**Problem:** Somewhere below is a line with "Geranium sylvaticum" and, later, a line with "a white bird"; repeat those two lines and all the lines between them, exactly as they are.

**Records supplied:**
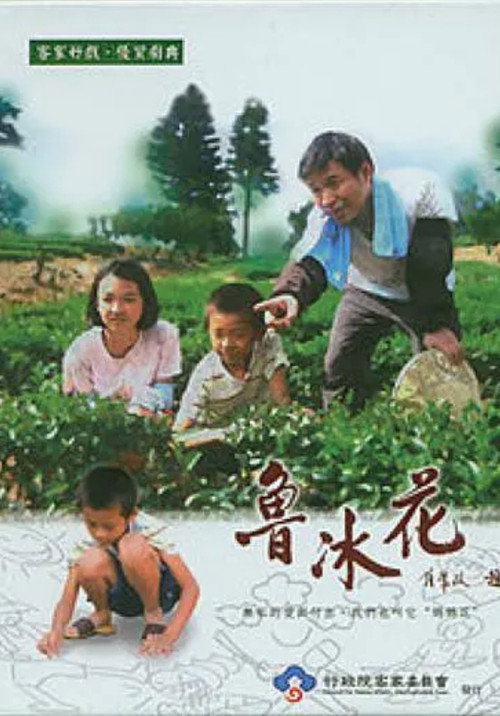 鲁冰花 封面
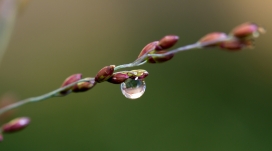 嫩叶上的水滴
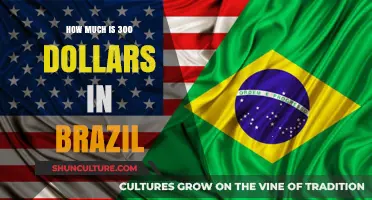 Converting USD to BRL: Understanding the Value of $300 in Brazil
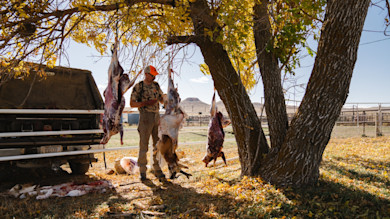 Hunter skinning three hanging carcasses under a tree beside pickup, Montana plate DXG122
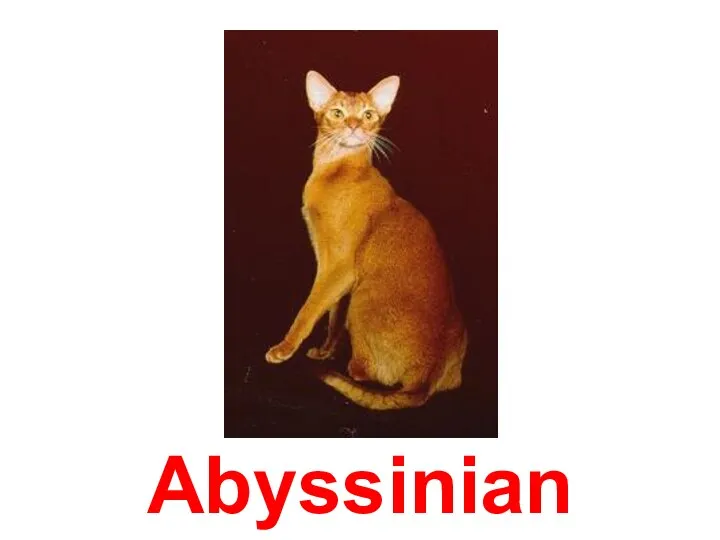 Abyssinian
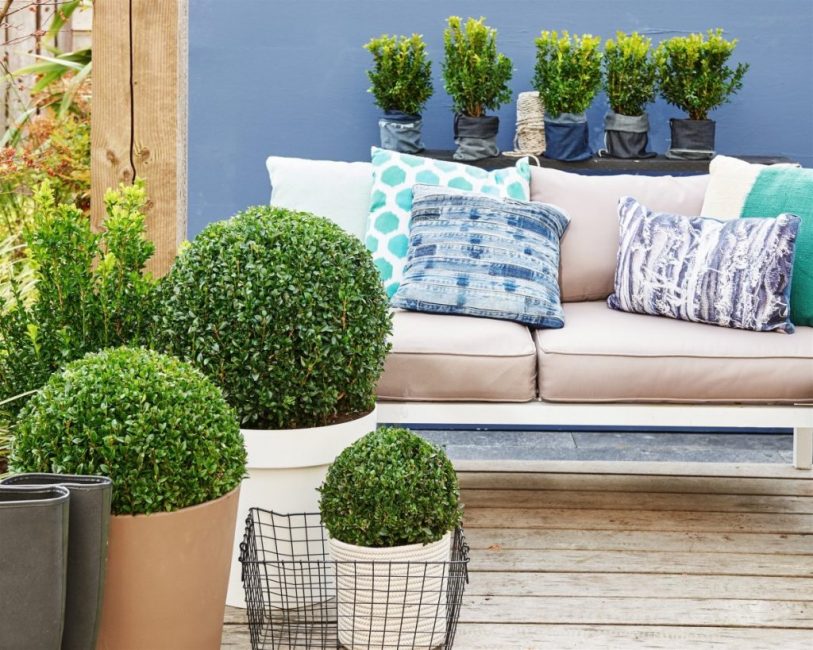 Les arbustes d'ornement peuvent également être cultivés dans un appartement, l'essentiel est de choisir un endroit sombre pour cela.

...

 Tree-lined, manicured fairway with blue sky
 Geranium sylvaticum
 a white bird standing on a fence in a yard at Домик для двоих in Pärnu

**Response to the exercise:**
 Geranium sylvaticum
 a white bird standing on a fence in a yard at Домик для двоих in Pärnu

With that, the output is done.